◆ **DATA BLOCK**
⟨
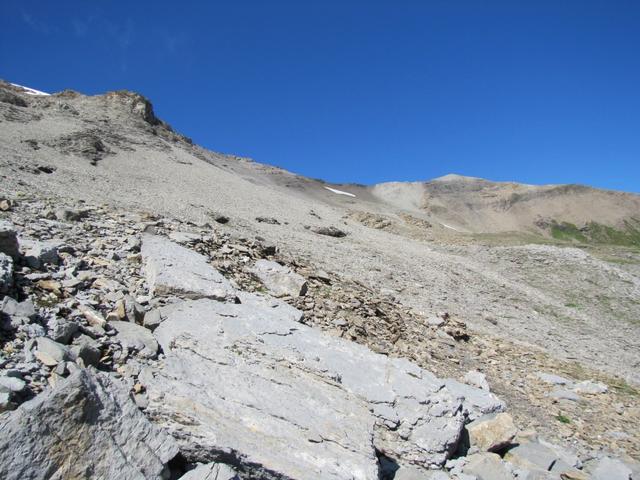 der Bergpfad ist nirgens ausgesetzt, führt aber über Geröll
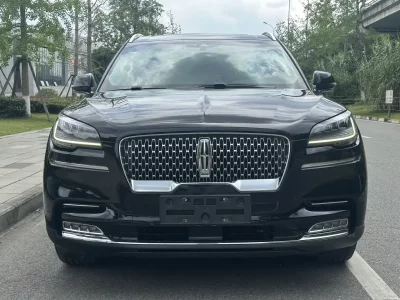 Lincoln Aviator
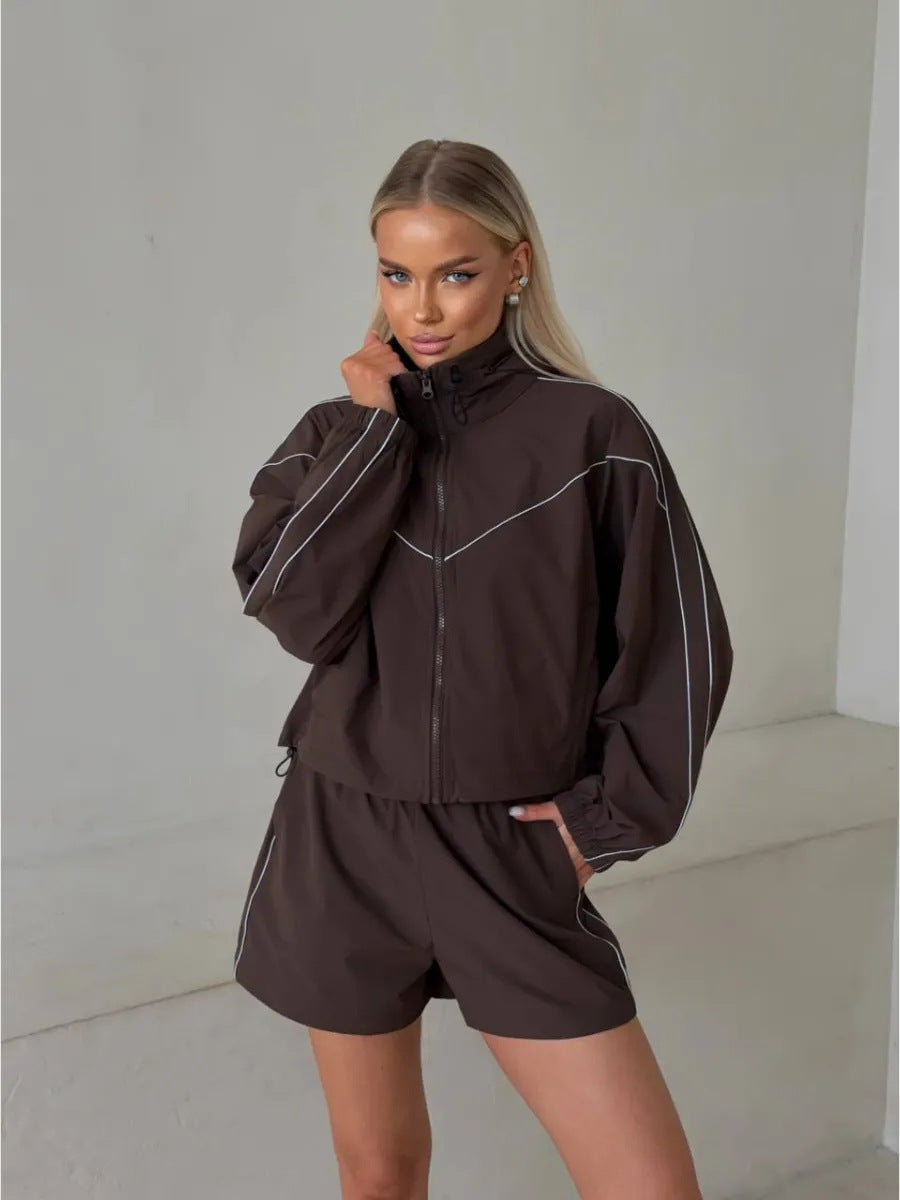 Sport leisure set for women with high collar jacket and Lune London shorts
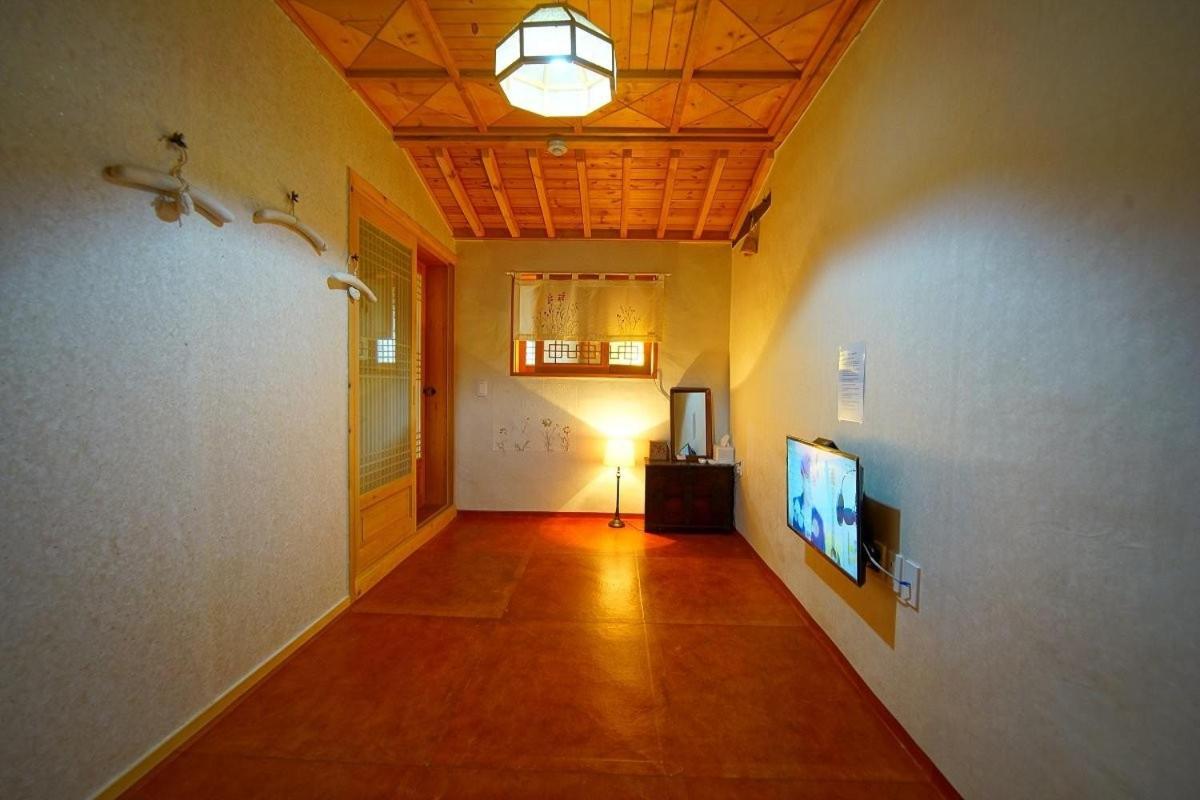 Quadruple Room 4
⟩
◆ **PROBLEM REQUIREMENTS**
Every line of the material should be repeated precisely; pictures are to be excluded.

◆ **WRITTEN RESPONSE**
 der Bergpfad ist nirgens ausgesetzt, führt aber über Geröll
 Lincoln Aviator
 Sport leisure set for women with high collar jacket and Lune London shorts
 Quadruple Room 4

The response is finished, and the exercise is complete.